> **Task requirements**: An exact retyping of all lines below is the answer; pictures do not belong in it.

> **Provided material**:
□ □ □ □

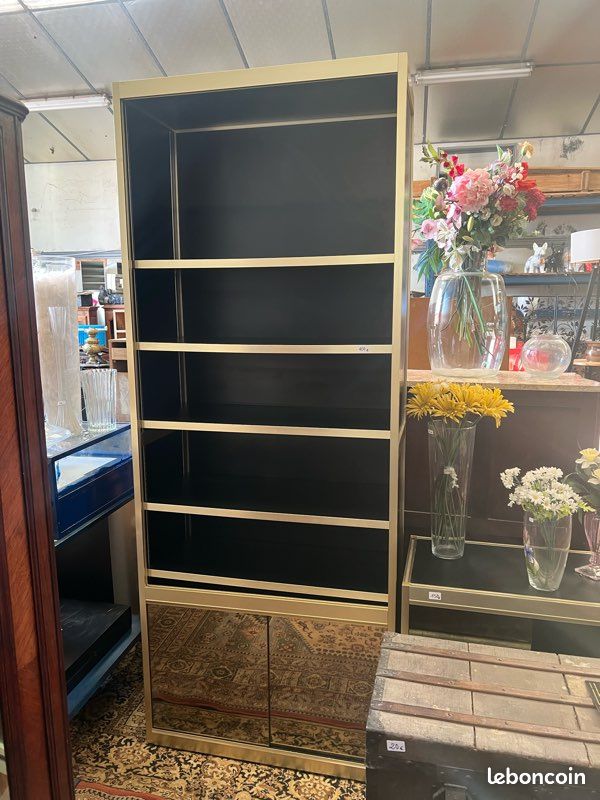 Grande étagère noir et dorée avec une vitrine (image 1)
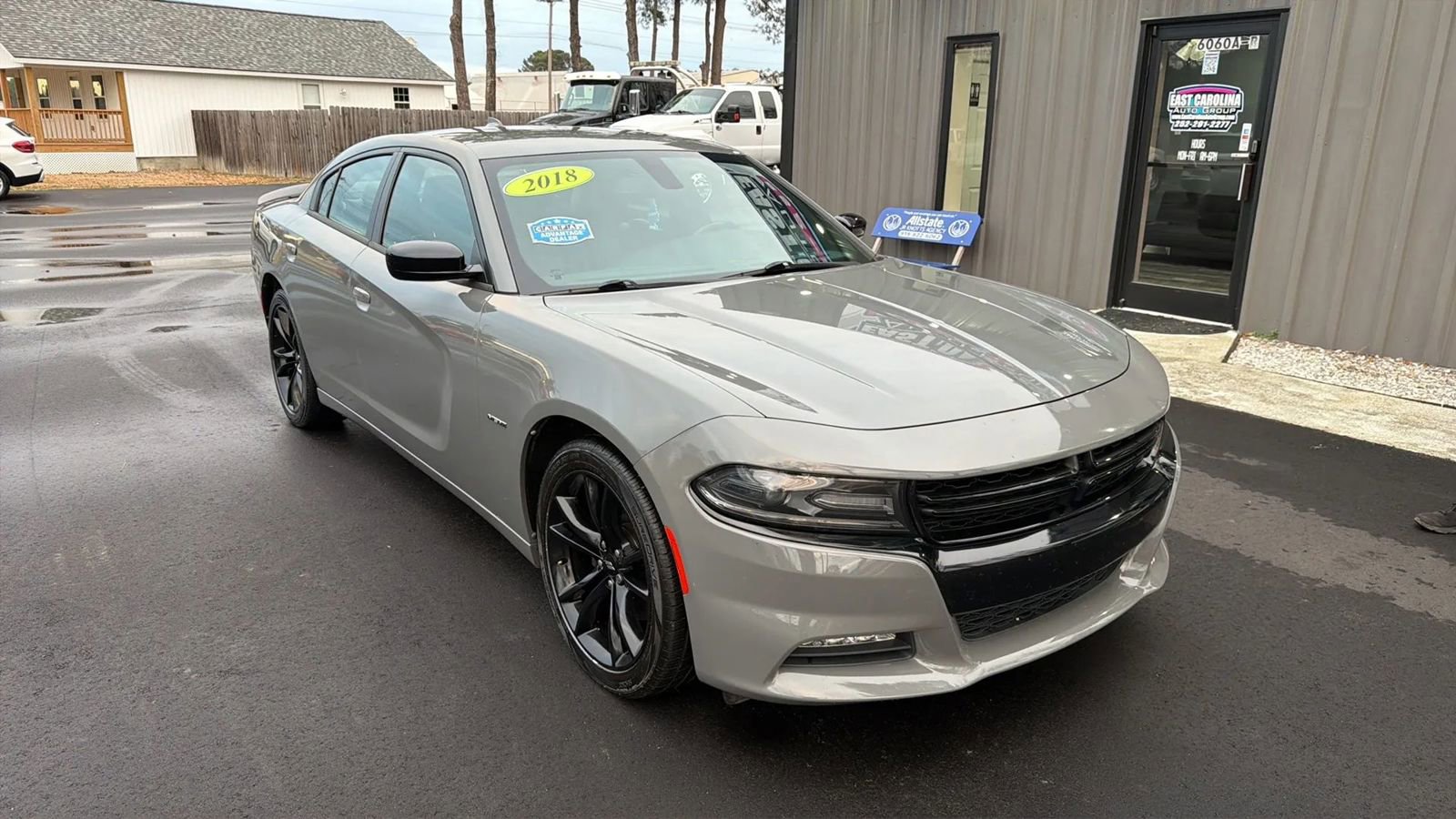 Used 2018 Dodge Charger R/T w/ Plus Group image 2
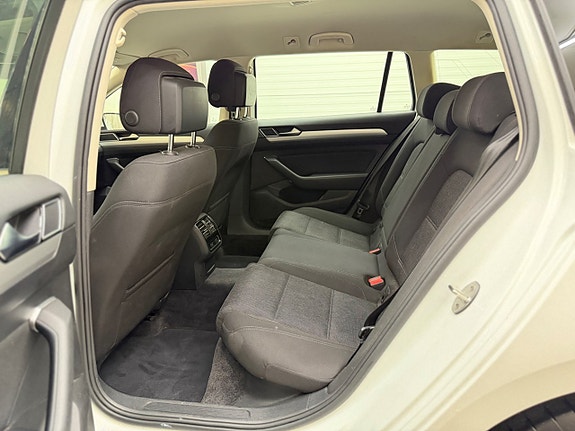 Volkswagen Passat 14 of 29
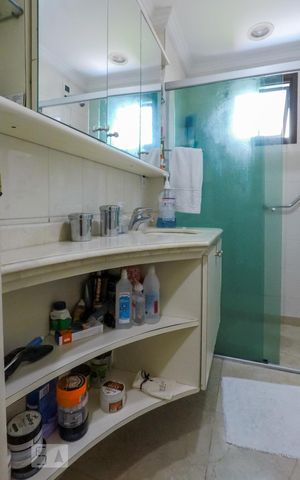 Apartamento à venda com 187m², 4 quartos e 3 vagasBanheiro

□ □ □ □

> **Expected answer**:
 Grande étagère noir et dorée avec une vitrine (image 1)
 Used 2018 Dodge Charger R/T w/ Plus Group image 2
 Volkswagen Passat 14 of 29
 Apartamento à venda com 187m², 4 quartos e 3 vagasBanheiro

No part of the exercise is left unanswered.